Il faut d’ailleurs rappeler qu’au moment de la création de cet outil, il était question d’un ancrage dans une dynamique d’ensemble faisant fi des démarcations pour réaliser le projet de l’Afrique des possibles.

Nkrumah, dans sa thèse sur l’unité économique africaine, voyait en la BAD un instrument non seulement financier, mais aussi intellectuel, permettant de fédérer les forces vives du continent pour atteindre des objectifs de développement intégrés.

Aujourd’hui, 60 ans après la création de la BAD, n’est-il pas temps d’interroger la doctrine de développement qui guide cette institution ? La BAD a-t-elle réellement réussi à accomplir sa mission ?

Peut-être est-il temps d’élaborer une nouvelle feuille de route pour les 60 prochaines années, en faisant émerger une banque sous l’impulsion d’une doctrine économique continentale.

« Il y a 12 ans, lorsqu’il a lancé Hub Africa, on le surnommait « le Toubab francophone ». Aujourd’hui, il est pleinement perçu comme africain. Cette évolution montre qu’une légitimité interculturelle est essentielle pour réussir des projets d’envergure.

La BAD doit intégrer cette dimension dans sa gouvernance et ses programmes pour rapprocher les communautés et renforcer leur collaboration. Briser les préjugés linguistiques pour valoriser les talents africains.

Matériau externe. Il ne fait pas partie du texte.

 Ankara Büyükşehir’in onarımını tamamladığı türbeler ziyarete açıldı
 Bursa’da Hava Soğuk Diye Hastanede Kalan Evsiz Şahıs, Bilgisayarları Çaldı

Un autre obstacle à surmonter est la perception réductrice des talents basée sur la langue. Brisons cette contre-vérité : « Si l’on parle trois langues, on est trilingue ; deux langues, bilingue ; et une seule, soit anglophone, soit analphabète. »

Cette vision simpliste ne reflète pas la richesse des compétences sur le continent. Les francophones, tout comme les autres, possèdent des atouts intellectuels remarquables. Cette diversité linguistique et culturelle doit être vue comme une force, non comme une faiblesse, et devenir un élément clé du positionnement de la BAD », nous confie Zakaria Fahim, CEO de BDO.

Un nouveau président en 2025

En mai 2025, la Banque Africaine de Développement (BAD) aura un nouveau Président.

Aujourd’hui, le caractère hautement stratégique de la BAD suscite de nombreuses convoitises, chaque État membre cherchant à placer ses pions. L’élection qui approche voit donc émerger de nombreuses candidatures, poussées par des intérêts et des parcours variés.

Celui ou celle qui remplacera le Nigérian Akinwumi Adesina décidera ainsi de projets déterminants pour l’avenir de l’Afrique.

Après l’annonce, à la mi-mars, de la candidature du Tchadien Abbas Mahamat Tolli, ancien gouverneur de la Banque des États de l’Afrique centrale (BEAC), soutenu par la Communauté économique et monétaire de l’Afrique centrale (CEMAC), ainsi que par l’Angola et la RDC, d’autres personnalités africaines se sont annoncées.

Dans les couloirs des différentes officines africaines, ces noms sont sur toutes les lèvres : Rabah Arezki, ancien chef économiste de la BAD ; Bajabulile Swazi Tshabalala, première vice-présidente de la BAD ; Amadou Hott, ancien ministre de l’Économie ; Mateus Magala, ancien vice-président chargé des ressources humaines et des services généraux de la BAD ; Hassatou Diop N’Sele, vice-présidente en charge des finances de la banque.